## Provided data:

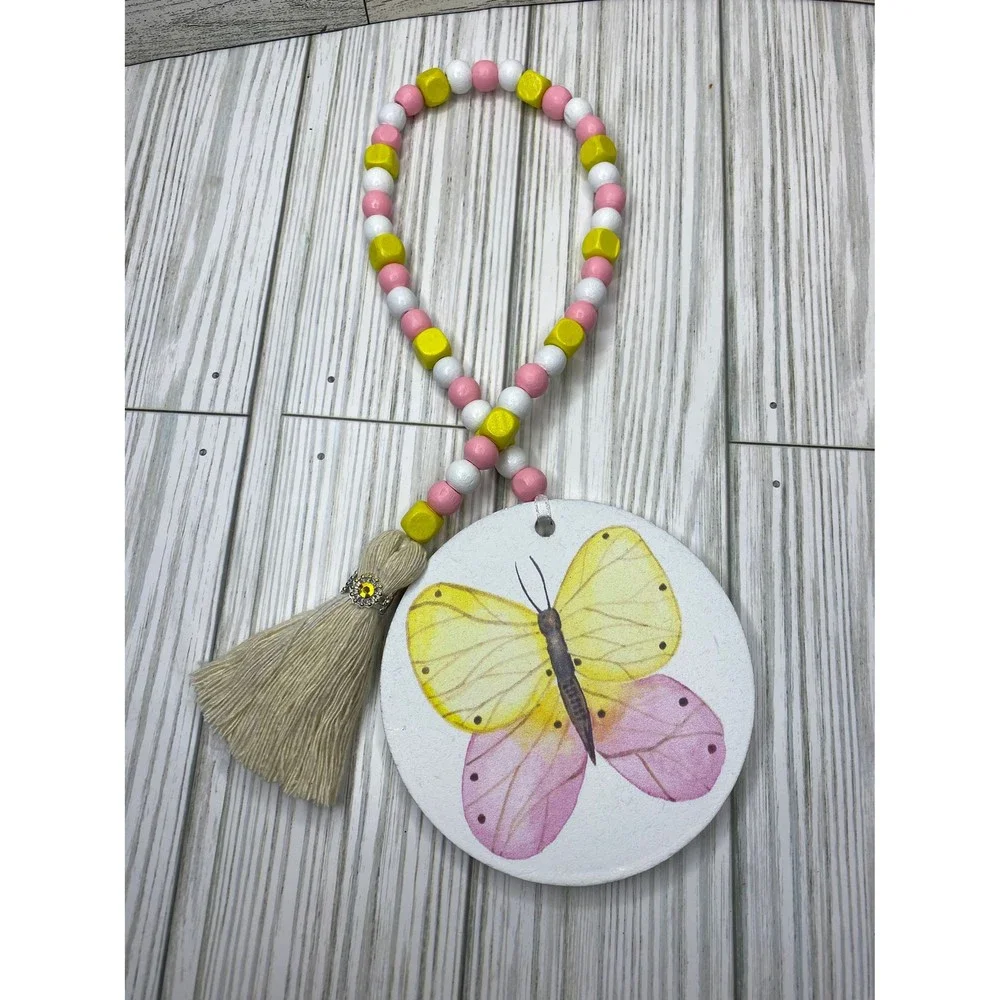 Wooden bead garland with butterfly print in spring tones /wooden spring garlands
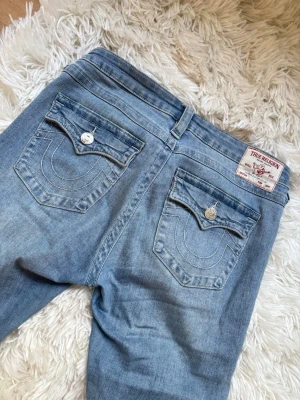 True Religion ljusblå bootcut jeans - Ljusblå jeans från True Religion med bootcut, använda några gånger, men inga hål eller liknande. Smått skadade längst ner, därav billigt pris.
* * *
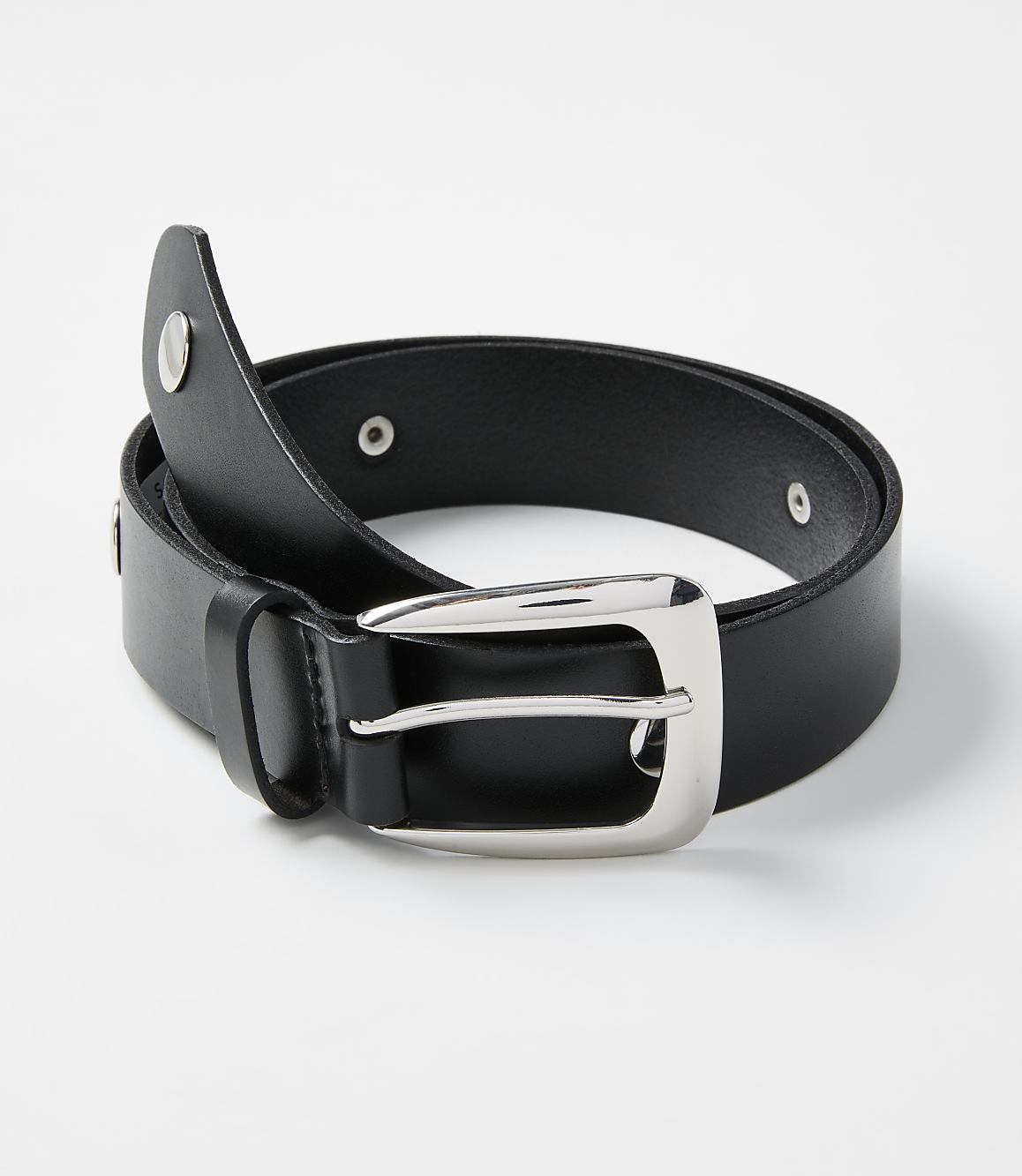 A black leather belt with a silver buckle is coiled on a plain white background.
* * *
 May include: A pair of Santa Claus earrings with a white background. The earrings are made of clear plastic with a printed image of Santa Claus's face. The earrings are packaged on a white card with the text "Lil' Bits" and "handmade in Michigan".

## Work required:
All lines above from the one containing "Wooden bead garland" up to and including the one containing "True Religion ljusblå" are to be set down exactly, and nothing else. Leave images out.

## Response:
 Wooden bead garland with butterfly print in spring tones /wooden spring garlands
 True Religion ljusblå bootcut jeans - Ljusblå jeans från True Religion med bootcut, använda några gånger, men inga hål eller liknande. Smått skadade längst ner, därav billigt pris.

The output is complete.